On par with carpooling (270 kilos per year and per inhabitant), we find air transport, regularly criticized for being a massive emitter of CO2. A reduction of this magnitude, however, would require giving up flying entirely, and therefore no longer traveling to certain distant destinations.
It is also possible to reduce emissions through daily consumption behavior. Buying fewer new clothes, for example by favoring second-hand clothes, has a positive impact, with no less than 220 kilos of CO2 saved per year and inhabitant.
To reduce emissions related to the transport of goods, consuming locally produced food is a very effective measure: such a change in practice represents a reduction of 170 kilos of emissions per year and per person. And it's also an opportunity to support farmers near you!

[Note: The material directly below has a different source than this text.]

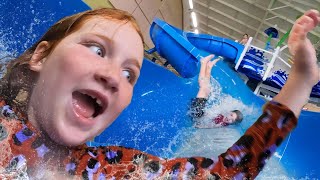 KiCKED OUT!!  Adley's TRAVEL MOViE part 2!  Missed Breakfast, Water Slides, Bugs, Rain, and Shoe Art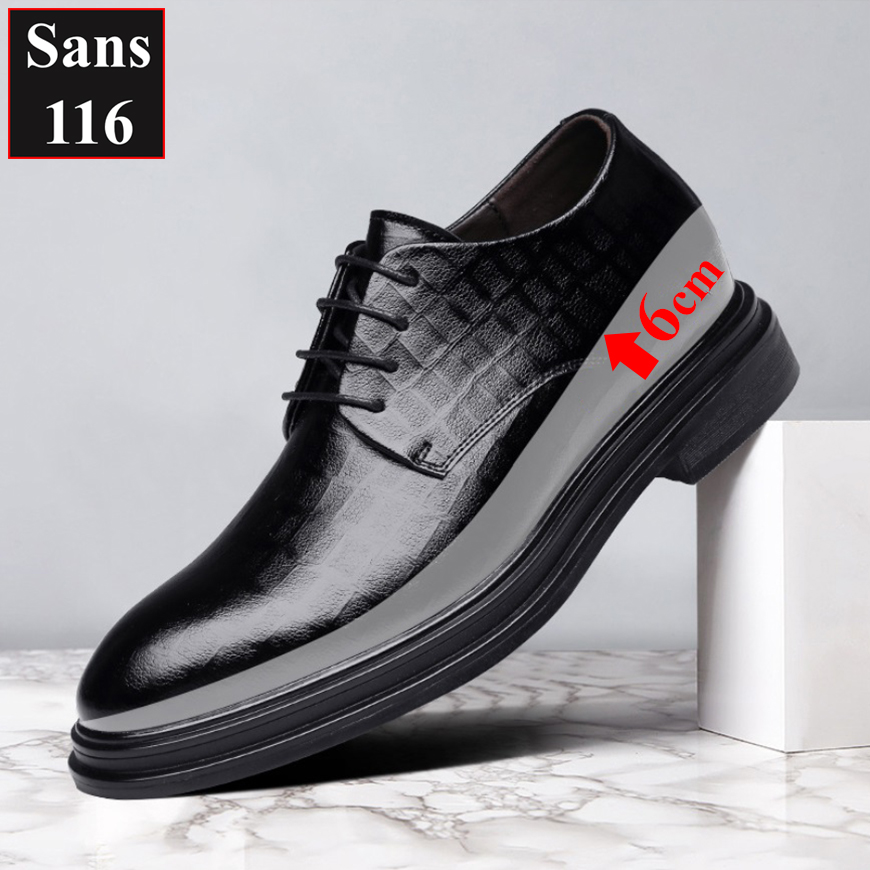 Giầy tây nam tăng chiều cao 6cm Sans116 giày derby công sở đen độn đế buộc dây cao cấp chú rể đám cưới mặc vest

Other practices have been identified as likely to significantly reduce our individual carbon footprint: lowering the heating temperature in one's home, but also buying exclusively second-hand computer equipment and household appliances.
Finally, practicing zero waste as much as possible is a last lever of action to reduce your carbon footprint. For example, you can recycle or transform certain products or old objects.
The study stresses, however, that this calculation assumes total commitment to the actions mentioned and equal involvement of all citizens – two criteria which are far from being met. The figures given on the basis of a “realistic” commitment are more modest. Does individual action against global warming have its limits?
This is what the study concludes, since even assuming total commitment by all French people, the reduction in CO2 emissions would only be 2.8 tonnes per year and per inhabitant, a level very insufficient to respect the trajectory provided for by the Paris agreements.
All sectors of activity are therefore affected by the climate challenge. The most important driver of change is the decarbonization of all economic activities, and in particular agriculture, industry, construction and the various modes of transport.
But until the complete transformation of infrastructure, energy sources and human activities, you can assess your own carbon footprint using one of the many simulators that exist online, before taking action. It's your turn!